§ WHAT TO WORK ON:
Where the data below begins, start duplicating lines exactly, and finish with the line containing "Reeds growing in"; add nothing else. Leave the pictures out.

§ DATA EXCERPTS:
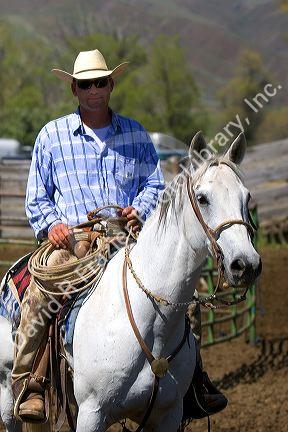 Cowboy on horseback during a cattle drive near Emmett, Idaho.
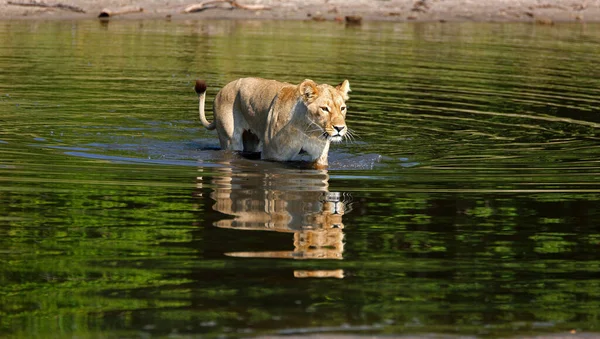 Leona Parque Nacional Chobe Botswana Mientras Vadea Través Río —  Fotos de Stock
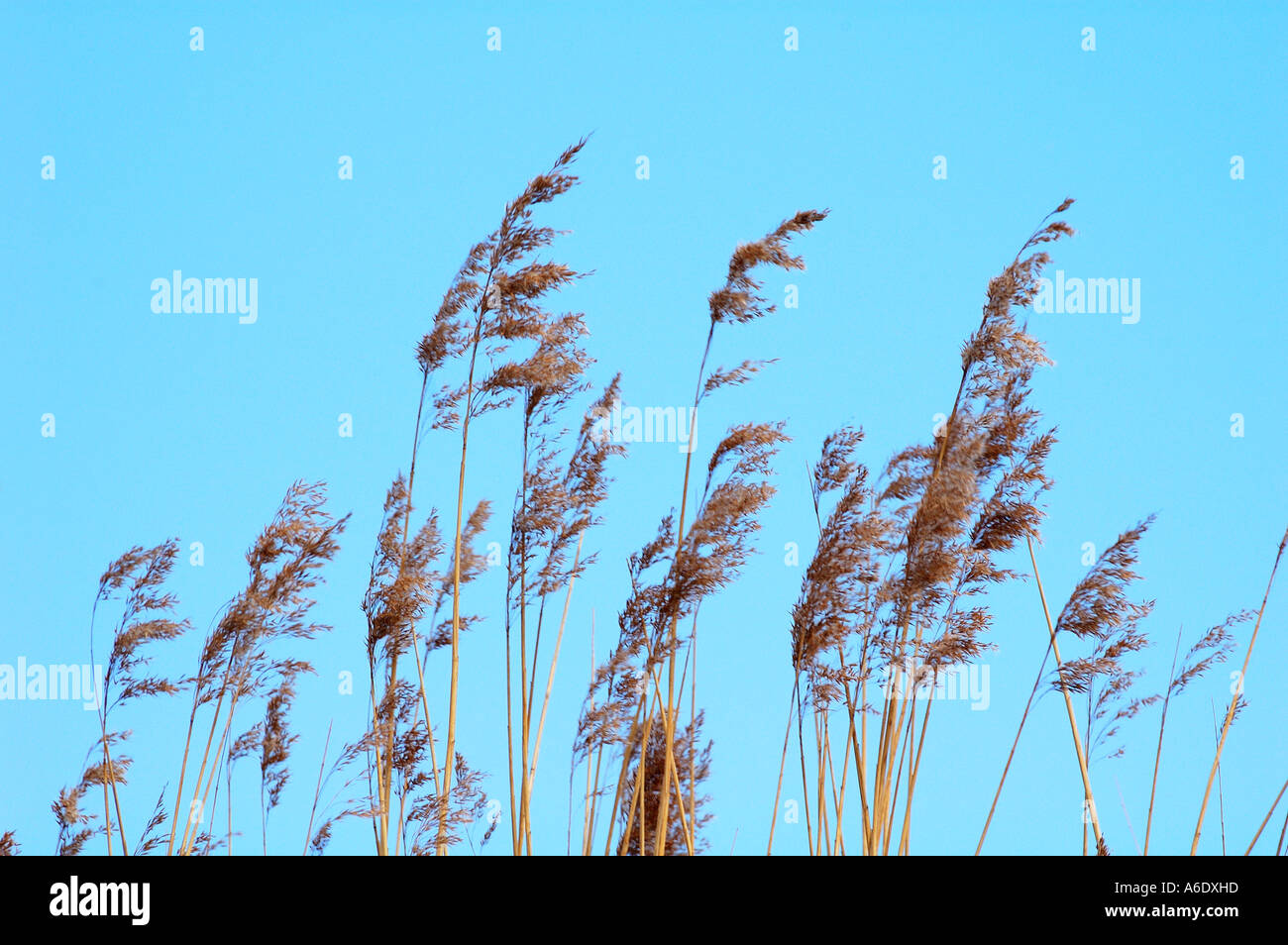 Reeds growing in the Newport Wetlands National Nature Reserve at ...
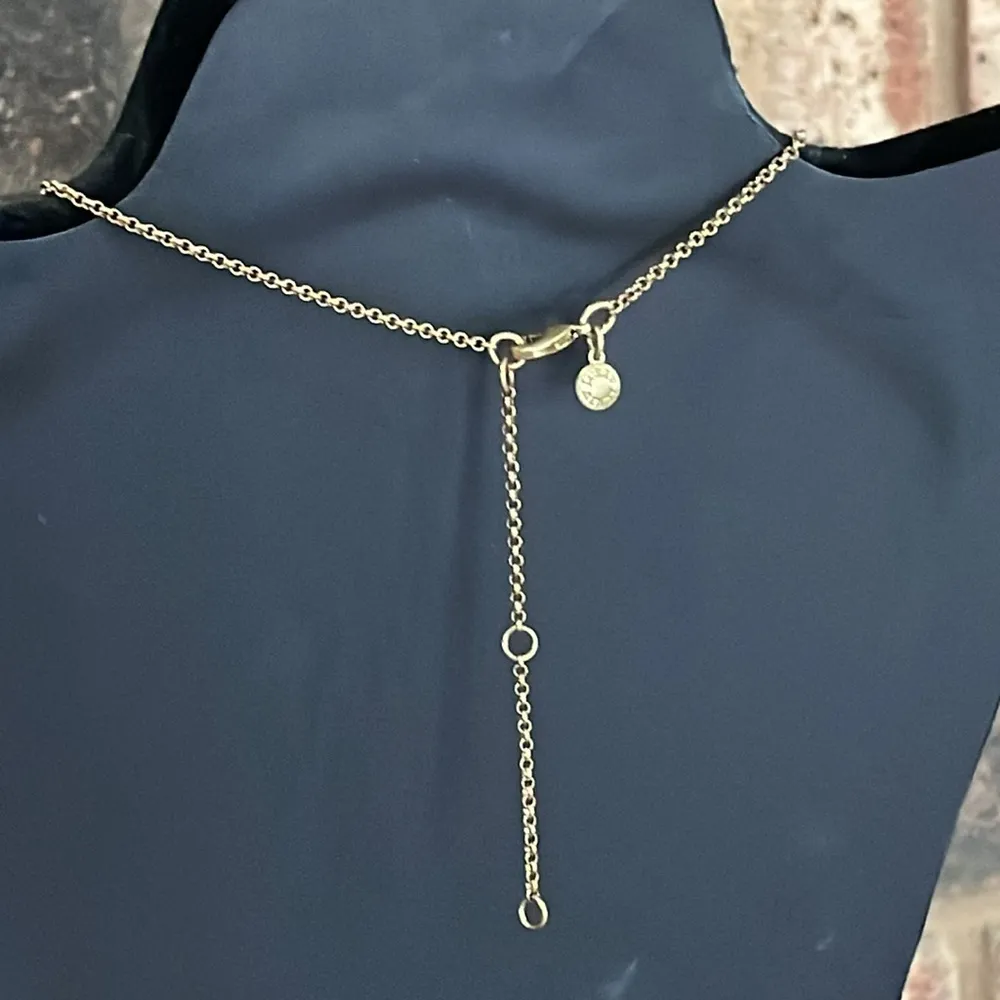 J. Crew Factory Tortoise Disc Pendant Necklace Gold - Image 4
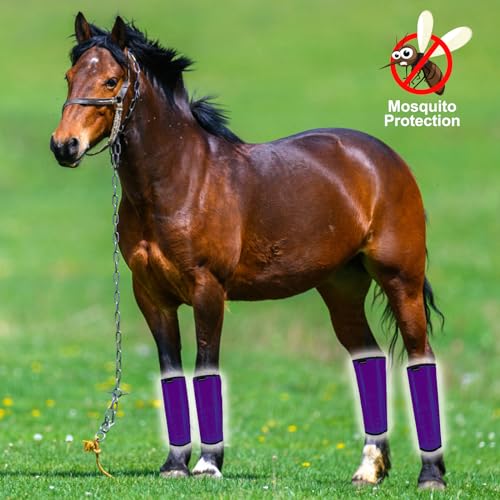 Image of FOXLVDA Horse Fly Boots Medium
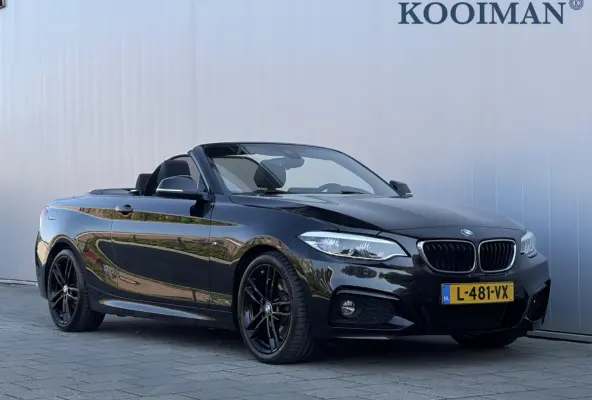 230i High Executive 252 Pk Automaat M-sport / Navi / DAB / PDC / Windscherm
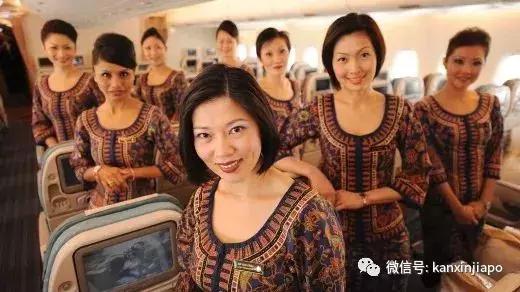 酷航飞新加坡迫降,万米高空飞机垂直坠落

§ EXERCISE RESULT:
 Cowboy on horseback during a cattle drive near Emmett, Idaho.
 Leona Parque Nacional Chobe Botswana Mientras Vadea Través Río —  Fotos de Stock
 Reeds growing in the Newport Wetlands National Nature Reserve at ...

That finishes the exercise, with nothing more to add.